Jedes Kleindenkmal wurde und wird zu einem bestimmten Zweck errichtet, der die Art der Ausführung, den Aufstellungsort und die Lebensdauer bestimmt. Die Kreuze unterscheiden sich dabei vor allem in den Statuen. Der gekreuzigte Jesus, im Volk einfach „das Leiden“ genannt, wird oft an Orten errichtet, die eine bestimmte Bedeutung haben – zum Beispiel dort, wo ein Unfall geschah oder jemand starb, oder wo man besonderen Schutz erbittet. Auf Gehöften dienen sie dazu, Hilfe zu erbitten oder Dankbarkeit für gewährte Hilfe auszudrücken, auf Friedhöfen als Opferstock usw. Auch Abbildungen der Pieta oder des segnenden Christus kommen häufig vor. Die Mutter Maria wird oft um Hilfe gebeten, sie war vor allem für litauische Frauen und Mütter der vertrauteste Ansprechpartner für alle Sorgen und Nöte. Daher sind Abbildungen der trauernden Muttergottes und der gnädigen Muttergottes dem litauischen Volk besonders lieb und teuer.

Von den vielen Heiligen erscheinen nur einige wenige in den Kleindenkmälern – typischerweise die, die besonders wichtig oder hilfreich sind. Steht ein Kreuz in Wassernähe – an einem Fluss, einem See oder bei einer Brücke – ist normalerweise der Heilige Nepomuk oder Johannes der Täufer abgebildet. St. Isidor beschützt Felder und die Ernte. Gehöfte und Nutztiere stehen unter dem Schutz vom Heiligen Georg. Bei Krankheiten errichtete man einen Schrein für St. Roch. St. Florian und St. Agatha schützen vor Feuer. Dem Heiligen Antonius schrieb man wundersame Hilfe in allen Lebenslagen zu, vor allem aber bei verlegtem oder gestohlenem Eigentum. Das Sprichwort dazu lautete: „St. Antonius wird’s finden.“ St. Joseph beschützt die Familie. Zu den einzelnen Statuen gab es oft auch die entsprechenden Lieder, in denen man seinen Glauben und seine Hoffnung ausdrückte.

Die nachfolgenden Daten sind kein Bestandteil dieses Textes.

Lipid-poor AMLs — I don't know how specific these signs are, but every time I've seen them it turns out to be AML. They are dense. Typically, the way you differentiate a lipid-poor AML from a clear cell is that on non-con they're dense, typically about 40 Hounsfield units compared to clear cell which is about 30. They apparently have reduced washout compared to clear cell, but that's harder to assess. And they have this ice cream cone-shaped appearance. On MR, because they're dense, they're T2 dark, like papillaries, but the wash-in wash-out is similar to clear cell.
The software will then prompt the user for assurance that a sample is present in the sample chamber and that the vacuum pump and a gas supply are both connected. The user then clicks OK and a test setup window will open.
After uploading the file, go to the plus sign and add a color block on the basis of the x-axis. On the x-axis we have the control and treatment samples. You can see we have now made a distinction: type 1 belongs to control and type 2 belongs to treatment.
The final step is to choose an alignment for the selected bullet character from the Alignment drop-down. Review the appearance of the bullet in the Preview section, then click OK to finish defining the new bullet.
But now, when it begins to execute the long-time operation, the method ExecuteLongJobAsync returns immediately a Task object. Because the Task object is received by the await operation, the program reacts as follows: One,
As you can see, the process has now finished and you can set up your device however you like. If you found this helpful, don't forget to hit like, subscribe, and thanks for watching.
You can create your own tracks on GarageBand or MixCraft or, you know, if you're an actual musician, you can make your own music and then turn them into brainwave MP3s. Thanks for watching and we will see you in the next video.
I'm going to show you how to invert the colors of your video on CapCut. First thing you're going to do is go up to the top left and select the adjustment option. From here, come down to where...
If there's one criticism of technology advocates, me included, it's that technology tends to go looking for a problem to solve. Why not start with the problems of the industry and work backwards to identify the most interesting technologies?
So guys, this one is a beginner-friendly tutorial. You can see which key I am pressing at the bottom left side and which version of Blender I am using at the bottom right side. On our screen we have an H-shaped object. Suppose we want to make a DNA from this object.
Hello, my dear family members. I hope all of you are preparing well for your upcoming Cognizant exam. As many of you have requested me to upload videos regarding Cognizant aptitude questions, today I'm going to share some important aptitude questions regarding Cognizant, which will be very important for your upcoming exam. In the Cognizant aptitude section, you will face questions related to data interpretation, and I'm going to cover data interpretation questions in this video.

Ein Heiliger, der als Schutzpatron gewählt wurde, erhielt im Volksglauben individuelle, leicht wiedererkennbare Züge und Merkmale, die von den Kunsthandwerkern aufgegriffen und interpretiert wurden. Das Heiligenbild diente als Symbol oder Metapher, gleichzeitig wurde der Heilige wie ein Familienmitglied behandelt, mit dem man redete, das man um Hilfe bat und dem man dankte. In den Statuen der Heiligen lassen sich daher seine typischen Erkennungsmerkmale ebenso erkennen wie die regionale traditionelle Tracht.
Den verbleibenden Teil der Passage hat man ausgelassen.